Predicting the snows that matter most

The big picture is sharpening, but edges can still blur

Bob Henson • March 4, 2013 | Snow in February isn’t exactly stop-the-press news. But last month delivered some memorable accumulations and blizzard conditions to several parts of the United States, including New England and the Great Plains. Did these onslaughts catch people off guard?

As a whole, last month’s major snowfalls were amply warned, including the one that walloped New England on February 6–9 and the twin hits to Kansas, Missouri, Oklahoma, and Texas in late February. The National Weather Service (NWS), private firms, and broadcast meteorologists all emphasized that life-threatening conditions could occur and that snow amounts might approach or even top all-time records in some spots. Which, in fact, they did. Some examples:

Heaviest snowfall ever recorded
     •  Portland, Maine (31.9”, February 8–9)

Second heaviest
     •  Concord, New Hampshire (24.0”, February 8–9)
     •  Wichita, Kansas (14.2”, February 20–21)

Third heaviest
     •  Amarillo, Texas (19.0”, February 25)

Fifth heaviest
     •  Boston, Massachusetts (24.9”, February 9)

One reason why these eye-popping snowfall totals didn’t come as a surprise is the growth of ensemble prediction. Little more than a decade ago, U.S. forecasters had access to only a handful of fresh runs of computer models every few hours to guide their snow forecasts. Today, there’s not only a broader range of models, but some of these models are run multiple times, side by side, with small changes in the starting-point conditions that mimic the gaps in our less-than-perfect weather observing network. Such ensembles are helping forecasters deal with such high-impact threats as the “Snowquester” winter storm expected to strike the Washington, D.C., area this week.

Epic snow or epic fail? Let’s check the plumes

Chart of SREF snow predictions for Boston blizzard, February 8-9, 2013
The 23 members of the Short Range Ensemble Forecast system (SREF) predicted a widely varying range of outcomes for Boston three days before the blizzard of February 8–9. The individual model runs produced snowfall amounts that ranged from 3.5 to 51 inches. However, the mean, or average, of an entire ensemble can serve as useful forecast guidance. The observed total in Boston of 24.9 inches ended up very close to the ensemble mean. (Graphic courtesy NOAA.)

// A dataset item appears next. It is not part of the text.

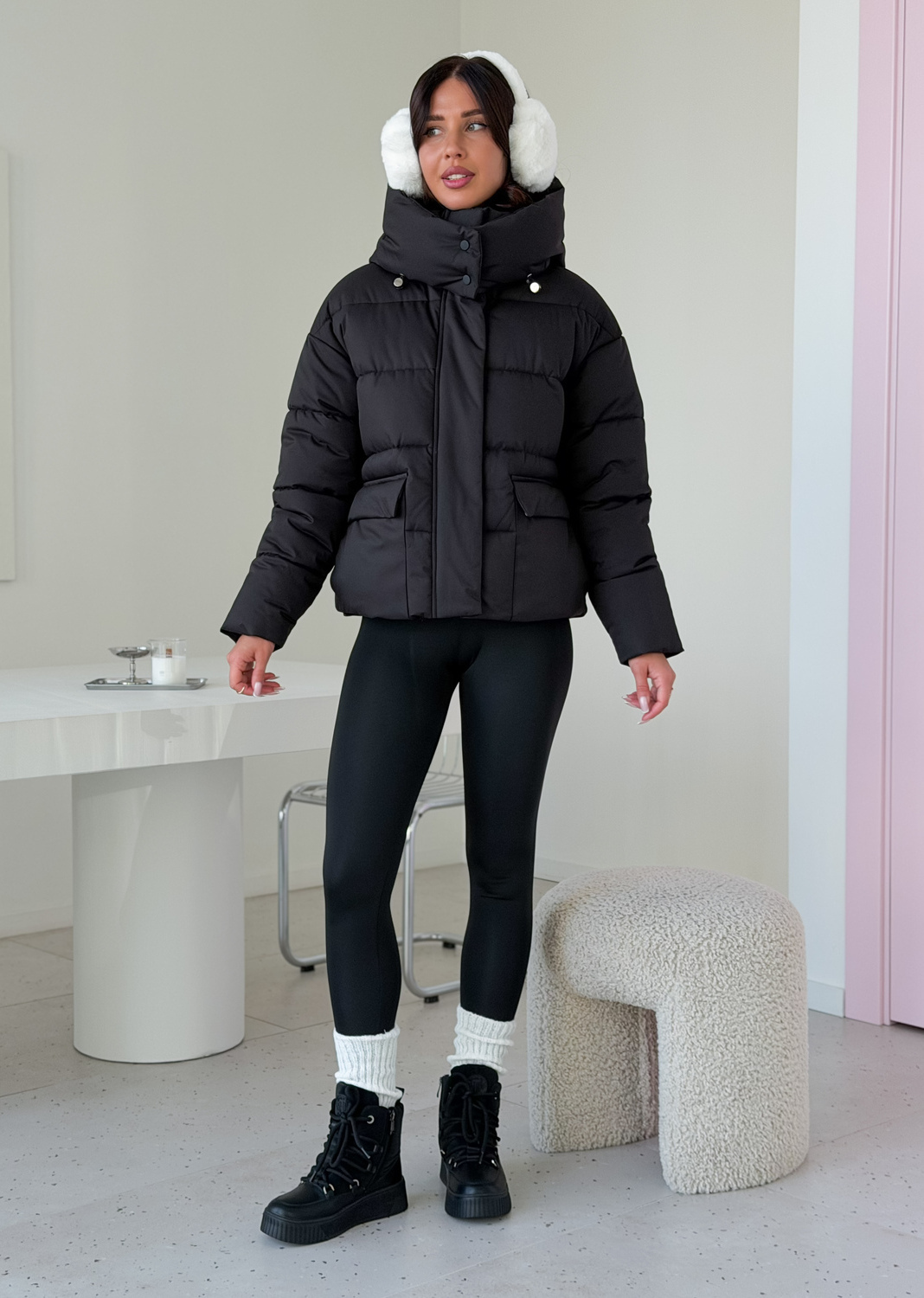 Куртка женская зимняя короткая дутая пуховик зефирка оверсайз черная Куртка женская зимняя короткая дутая пуховик зефирка оверсайз черная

When an entire ensemble is plotted on one graph, it’s easy to see the dangers of relying on a single model run. At right is experimental “plume” output from the Short Range Ensemble Forecast system, operated by NOAA’s Storm Prediction Center.

SREF carries out 22 model runs every six hours. All are based on variations of the Weather Research and Forecasting model (WRF), a multiagency effort in which NCAR has played a major role. Click on “SREF Info” on the plumes page for more about the plumes.

Several days before Boston’s big snow, SREF showed the potential for massive accumulations—as well as for a bust. As shown in the graphic above, the predictions varied from a modest 3.5 inches to a snow lover’s dream of 51 inches.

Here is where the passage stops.